The WAL is append-only, so writes are sequential — fast even on spinning disks. The rule is simple: append the record, fsync the log, then ack. fsync (or fdatasync) is what actually forces the buffered bytes onto stable media. On restart, recovery replays the WAL to re-apply any committed records that hadn’t yet been folded into the main data files (checkpointed). To amortise the fsync cost, databases use group commit: batch many pending writes into one flush.

# commit path — durable before we ack
def commit(record):
    append(wal, record)      # bytes now in the OS page cache (volatile!)
    fsync(wal)               # forces them to stable storage — blocks here
    ack(client)              # only now is it safe to say "committed"

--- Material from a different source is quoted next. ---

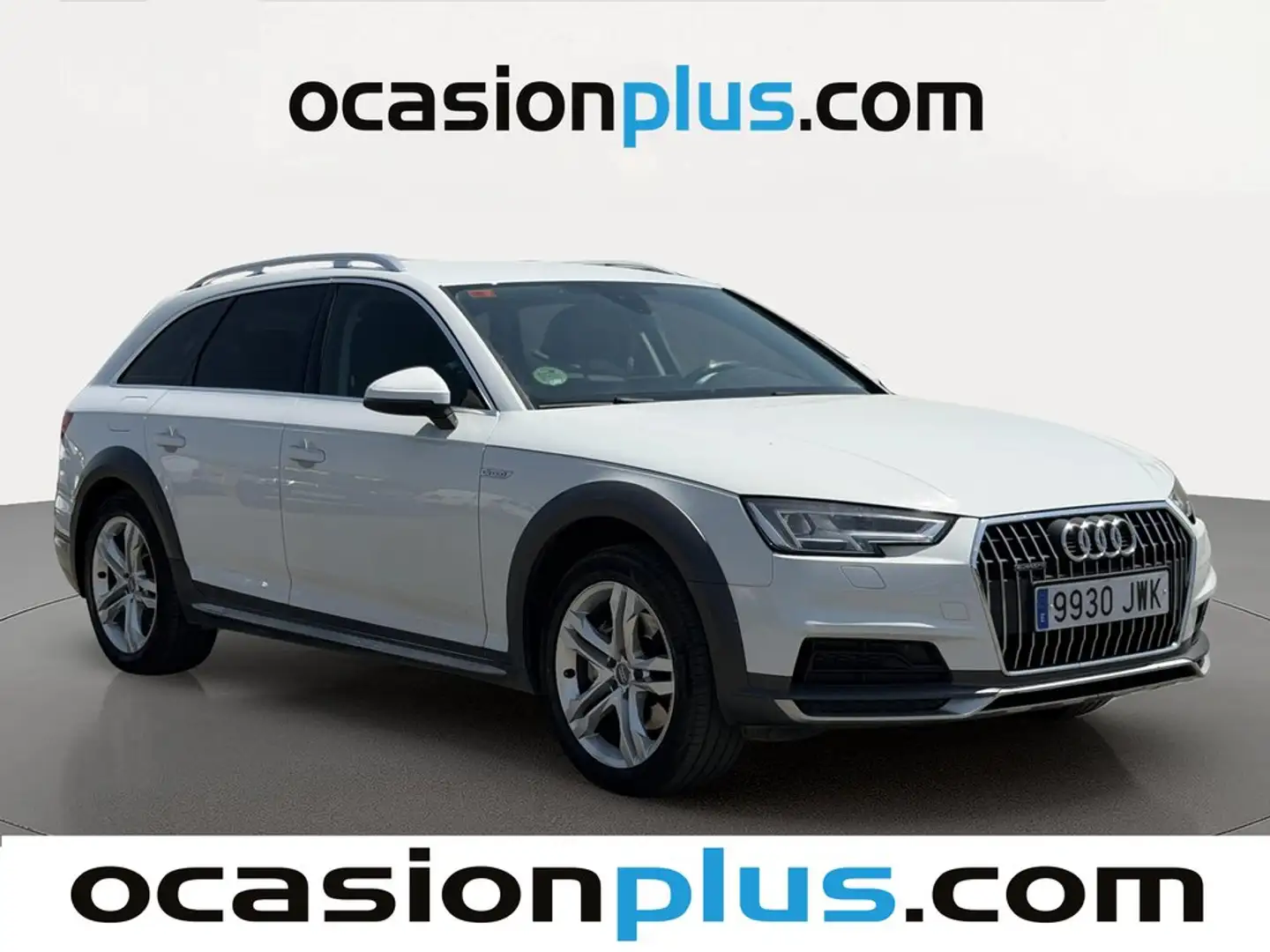 Audi A4 allroad Q. 2.0TDI unlimited ed. S-T 140kW Blanco - 2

# recovery on restart — replay the log
def recover():
    for rec in read(wal):
        if not already_applied(rec):
            apply(rec)       # committed-but-not-checkpointed writes restored

For machine failure (not just process/power loss), replicate: ship the record to followers and ack only once N of them have it on durable storage. Note the subtle layer below fsync — a disk’s own write cache can still hold data in volatile RAM unless write barriers / FUA are honoured.

Cost

Signal	What it costs / buys you
fsync latency	The durability tax. SSD ~tens of µs to a few ms; HDD seek+rotate is ms. Every commit pays it unless batched.
Throughput vs durability	Group commit / fewer flushes → higher throughput, but a bigger window of writes that vanish on a crash.
Durability scope	A single-node fsync survives process crash, OS crash and power loss. It does not survive that machine dying — replication does.
Missing fsync	Acking from the page cache is fast and feels fine in testing — until a power cut silently drops acknowledged writes.

Watch out for

Acking before fsync. Returning success from the page cache is fast, but a power loss drops those committed writes. This is the classic post-mortem: “we lost data after the outage.”
fsync vs fdatasync — and the directory. fdatasync skips metadata; fine for an existing file’s data. But for a newly created file you must also fsync the containing directory, or the file may not exist after a crash.
The disk lied. A drive or controller write cache can ignore fsync and ack from its own volatile RAM unless write barriers / FUA are honoured. Then even a “correct” fsync loses data on power loss.
Replication-to-memory isn’t durability. If all replicas only hold the write in RAM, a correlated power loss (whole rack, whole AZ) loses it. Something, somewhere, must have fsync’d it.
Swallowed fsync errors (“fsyncgate”). A failed fsync can drop the dirty data, and on some kernels the error doesn’t resurface on retry. Treat an fsync error as fatal for that data.

Worked example

A write reaches the page cache and power dies before fsync. The record is gone — but the client was never acked, so correctness holds: from its point of view the write never committed, and it can safely retry.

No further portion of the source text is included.